** PROVIDED DATA **
%%

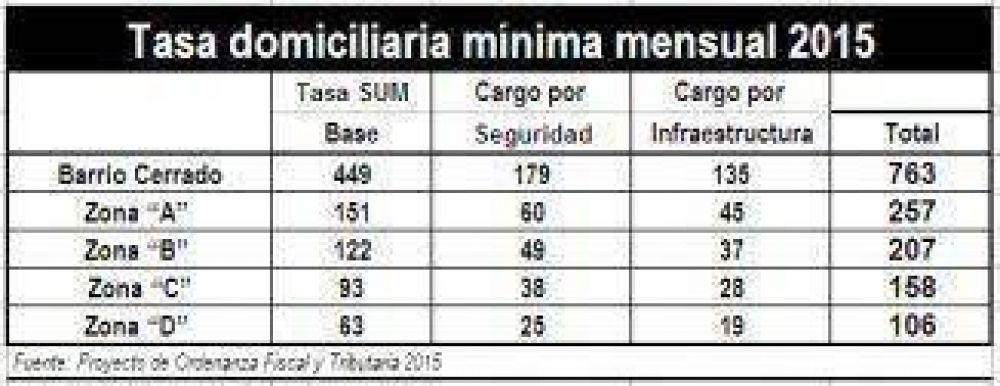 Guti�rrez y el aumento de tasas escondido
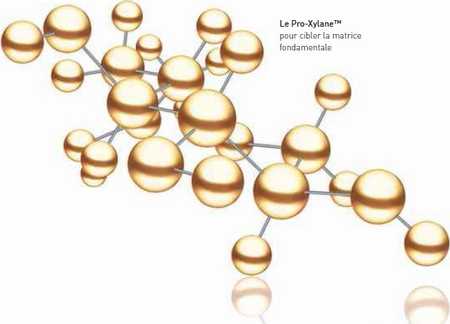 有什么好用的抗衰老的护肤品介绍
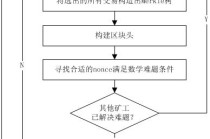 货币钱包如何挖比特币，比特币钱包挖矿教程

%%

** PROBLEM TO WORK ON **
Leave every picture out, and transcribe the data above exactly as it reads.

** RESPONSE **
 Guti�rrez y el aumento de tasas escondido
 有什么好用的抗衰老的护肤品介绍
 货币钱包如何挖比特币，比特币钱包挖矿教程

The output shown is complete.